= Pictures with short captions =
Start of Block

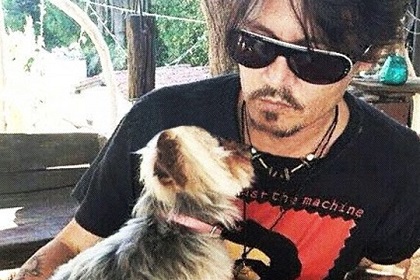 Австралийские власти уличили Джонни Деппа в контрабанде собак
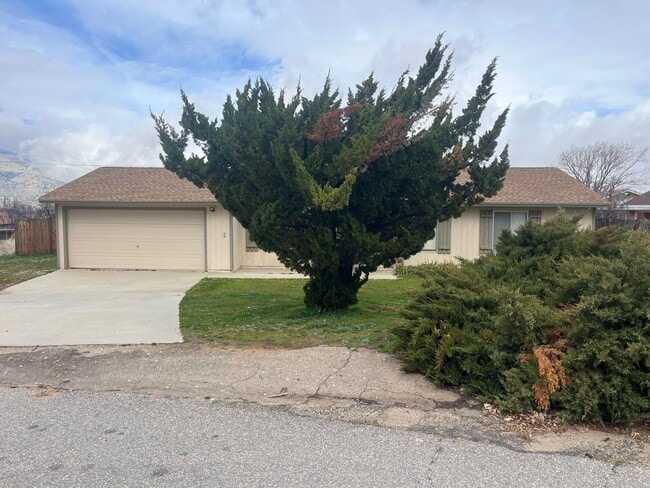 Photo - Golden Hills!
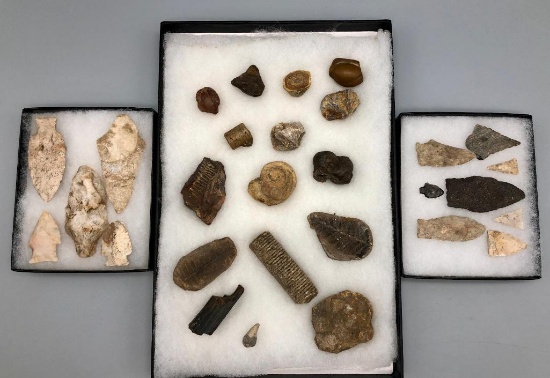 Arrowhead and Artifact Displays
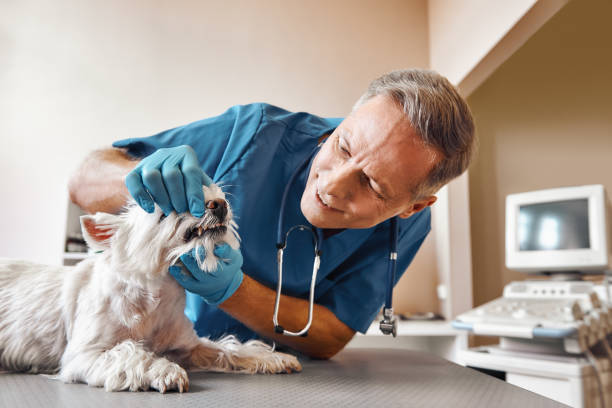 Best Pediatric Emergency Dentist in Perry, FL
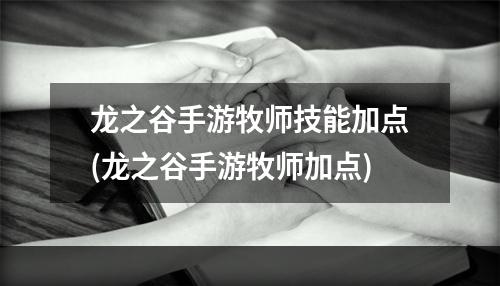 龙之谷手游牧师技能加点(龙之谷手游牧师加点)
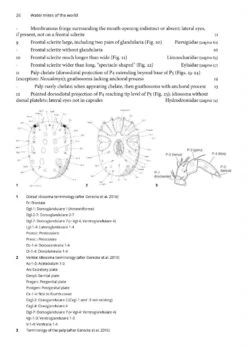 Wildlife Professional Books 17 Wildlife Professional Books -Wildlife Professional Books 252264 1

End of Block

Every entry above should be returned exactly, with no images included.

= RESULT FOR THIS EXERCISE =
 Австралийские власти уличили Джонни Деппа в контрабанде собак
 Photo - Golden Hills!
 Arrowhead and Artifact Displays
 Best Pediatric Emergency Dentist in Perry, FL
 龙之谷手游牧师技能加点(龙之谷手游牧师加点)
 Wildlife Professional Books 17 Wildlife Professional Books -Wildlife Professional Books 252264 1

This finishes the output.